Tuesday, September 30, 2008

Boston Super Gets Praise Not Raise

Let me be the first one to thank her for DOING the RIGHT THING by TAXPAYERS!!!!

"Boston schools chief gets praise, no bonus" by James Vaznis, Globe Staff | September 30, 2008

The Boston School Committee has given Superintendent Carol R. Johnson rave reviews for her first year on the job, but she will not receive a dime more in pay.

Citing tough economic times, the School Committee has decided not to give her a bonus, which under the terms of her five-year contract could have been as much as $20,000 for a job well done. For that same reason, Johnson has decided not to take a contractually guaranteed pay increase, which would have boosted her $275,000 annual salary by 2.5 percent or $6,875. Other senior school administrators also will not have pay increases this year. --more--"

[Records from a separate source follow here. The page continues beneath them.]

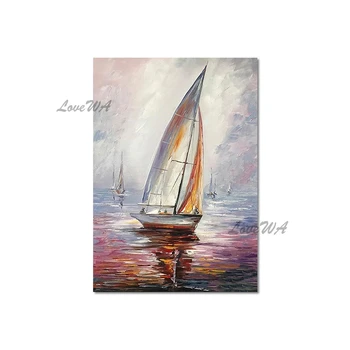 אמנות יפה נוף ציור קיר באיכות גבוהה משורטטים עם סירות ממוסגרים אקריליק מופשטות בד רול יצירות אמנות התמונה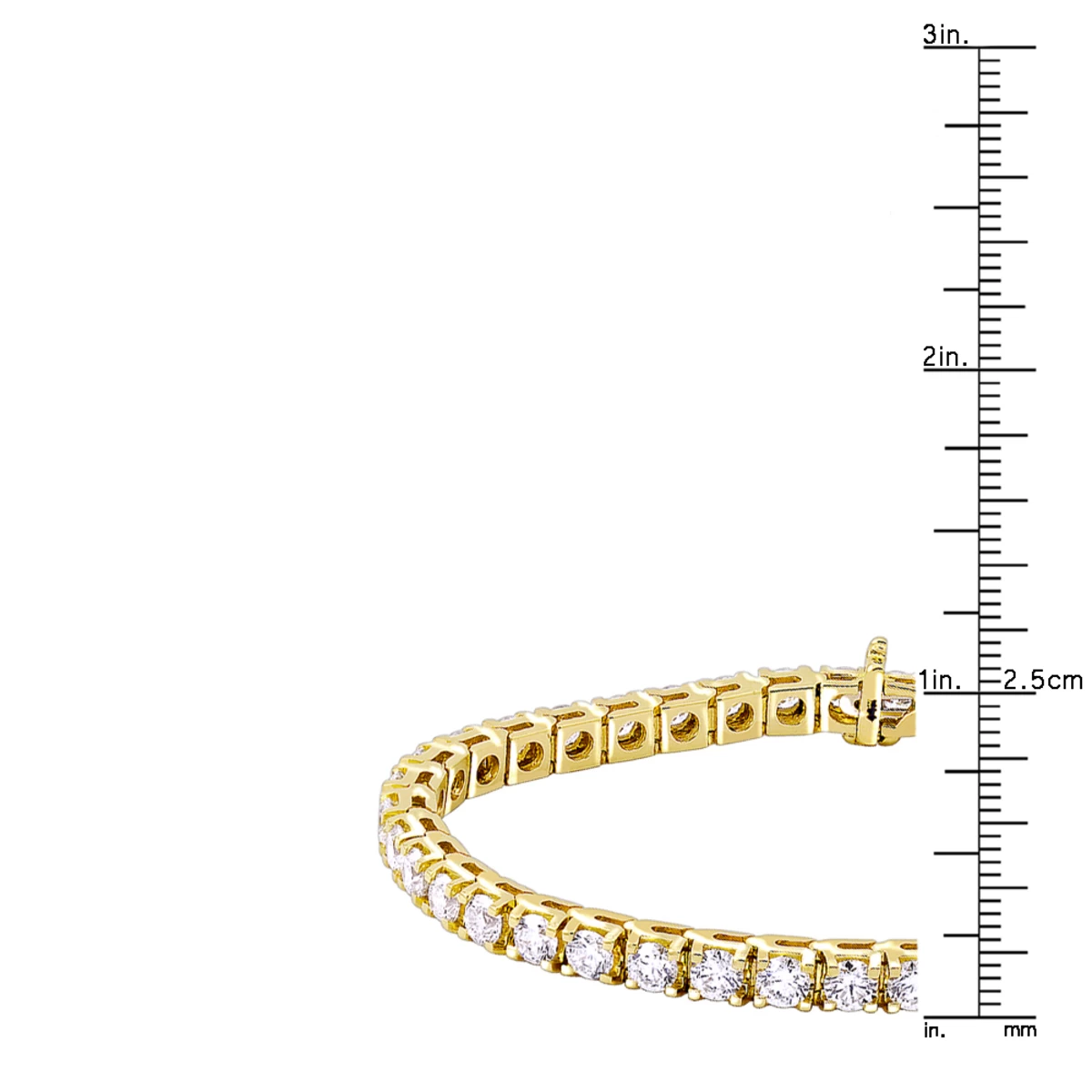 14K Yellow Gold Women's Diamond Tennis Bracelet Round Diamonds 9.72ct - Image 6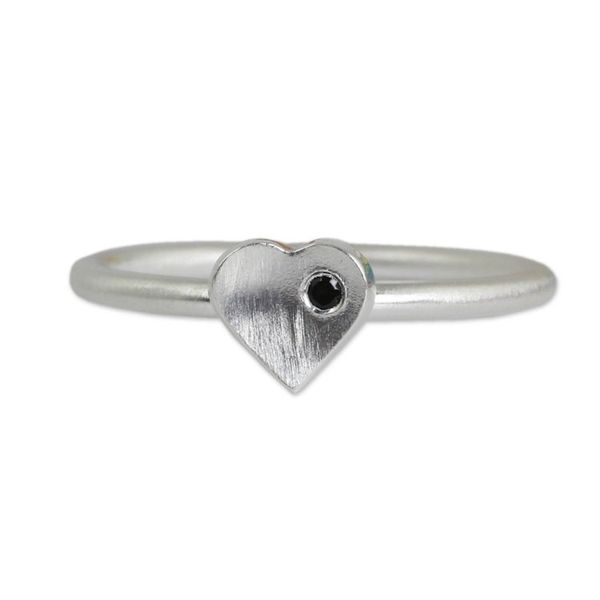 Alternate image for Handmade Brushed Sterling Silver and Onyx Heart Ring The Heart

That is AS IT SHOULD BE; isn't 275k a year enough?!!

And for those who think I am being cruel and unfair, get the $$$ someplace else:

Of course, "flushing . . . millions of dollars away supporting a highly profitable industry" when it comes to $300 million in taxpayer dollars for Hollywood is o.k., even as the price of a school lunch rises; paying $13 million for a computer software system that could have cost less than $3 million is all right because the winner was a close friend of the House speaker, even as my poorer-than-dirt district "has been struggling to close a $2 million budget gap."; the lottery shellling out "millions of dollars" for sports tickets for "lottery officials, their family members, and friends" is fine, even as schools are closing; making interest payments to banks to the tune of "a staggering $22 billion" for the Big Pit, as we call it around here, is required, even as bridges are neglected across the state; and again, paying off banks like UBS, who can "demand repayment of an additional $2 million a month beginning in January" while also receiving a "$179 million payment," while the state pension fund loses $1 billion dollars -- which still didn't stop the executive director from carving himself a nice "$64,000 bonus on top of his $322,000 annual salary."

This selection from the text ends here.